A better approach is to sample from the distribution of passwords under the (probably reasonable) assumtion that each password is equally likely, and look for "collisions" - passwords that are generated multiple times. The more "collisions" that we observe after taking a fixed number of samples from the distribution, the fewer passwords we would infer can be generated from the distribution.

Lets draw $N=25000$ passwords from the default password generating distribution (I selected this number of passwords to since to generate that number of passwords takes about a minute - about as long as I am willing to wait for this code to run):

%matplotlib inline

import matplotlib.pyplot as plt
import seaborn as sns
sns.set(style="white", font_scale=1.3)
import pandas as pd
import numpy as np
from scipy.special import factorial
from IPython.display import Markdown, display
from time import time

N = 25000

t0 = time()

passwords = pd.DataFrame(
    [(generate_password(),) 
      for i in range(N)],
    columns=["password"]
)

T = time() - t0
print("%.2f min" % (T/60,))

1.16 min

I have stuck the passwords into a dataframe, which can easily perform an aggregation by password counting the number of entries ordered by the number of counts in descending order.

aggregate = passwords.password.value_counts()
aggregate.head(10)

TheSameChar@cterThe01             2
ISeemToHa^e22                     2
UndIsntThatThe43                  2
Dee9BlueSeaDoes68                 2
HowDoTheyCime25                   2
H0weverThatDoesntNecessarily73    1
InShartTheAntithesis71            1
4nywayTheCrewGets64               1
FromTheWreterDirector23           1
KrippendorfsTrubeDoesSeem81       1
Name: password, dtype: int64

Here, we see that out of 25000 draws, that some passwords have collided, but there are very few. The collision rate is given by:

distribution = aggregate.value_counts()

collision_rate = (distribution[distribution.index > 1].sum()/float(distribution.sum()))

collision_rate

0.00020004000800160032

In the limit that the collision rate is very small compared to one (the limit in which we are currently working), we expect that the number of underlying passwords in the distribution would be roughly given by the number of samples taken divided by the collision rate:

display(Markdown(
    """
**Expected unique number of passwords**: $\\langle n \\rangle \\sim 10^{%.1f}$
""" % (np.log10(N/collision_rate),)
))

Expected unique number of passwords: $\langle n \rangle \sim 10^{8.1}$

Thats more than 100 million passwords, which given that the time $T$ required to extract $N$ passwords, would require a running time of about:

print("running time = %.1f days" % ((T/collision_rate)/(3600 * 24),))

running time = 4.0 days

This running time is not outside of the realm of possibility, and could be completed much more quickly if the code were optimized for speed and were run in parallel. Hence, I do not recommend exclusively using the default password generator, but rather creating a password generating object of your own.

The Occupancy Problem

We were able to make a crude estimate of the number of passwords that could be generated with a given method in the previous section. By doing a little bit of statistics we can evaluate a posterior probability distribution for the number of passwords (under the assumption that each password is equally to be generated) given the distribution of number of times each password was observed.

The Statistics

This problem falls within the class of "occupancy problems". Given that we draw $N$ samples from a password generating object with $n$ passwords, we can map this problem onto an occupancy problem win which we have $n$ urns in which we will randomly place $N$ balls, and we would like to determine the probability that we will observe a certain distribution of number of balls in these urns.

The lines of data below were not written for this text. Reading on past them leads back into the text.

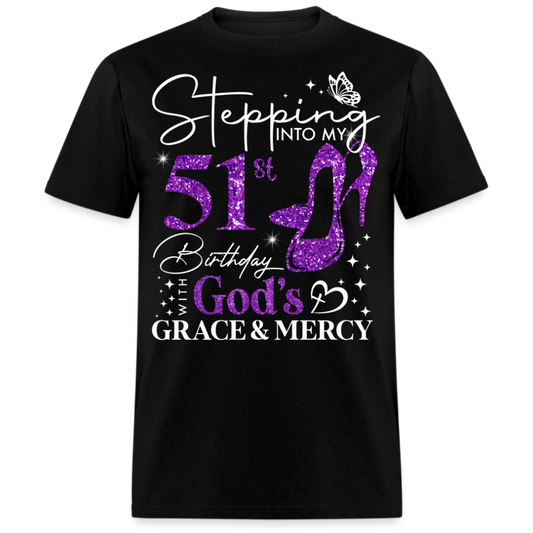 STEPPING INTO MY 51ST BIRTHDAY WITH GOD'S GRACE UNISEX SHIRT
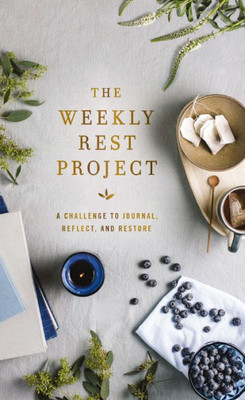 The Weekly Rest Project : A Challenge to Journal, Reflect, and Restore
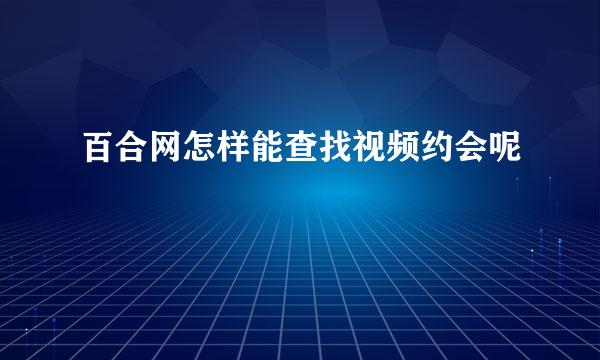 百合网怎样能查找视频约会呢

If we define $c_i$ as the number of balls in urn of index $i$, then this probability of observing the particular distribution that we do is given by the multinomial distribution:

$$P = \frac{N!}{\prod_{i=1}^n c_i!} \frac{1}{n^N}$$

However, I don't care about the particular distribution of $c_i$. For example if I have $N=2$ balls and $n=2$ urns the different possible $c_i$ distributions are:

$c_1$	$c_2$
0	2
1	1
2	0

I don't want to distinguish between observing collisions in urn $i=1$ versus collisions in urn $i=2$. Hence, I will instead want to measure the probability of observing a given unordered distribution of balls in urns, which will will require us to count the number of ordererings possible for a given unordered distribution of balls in urns.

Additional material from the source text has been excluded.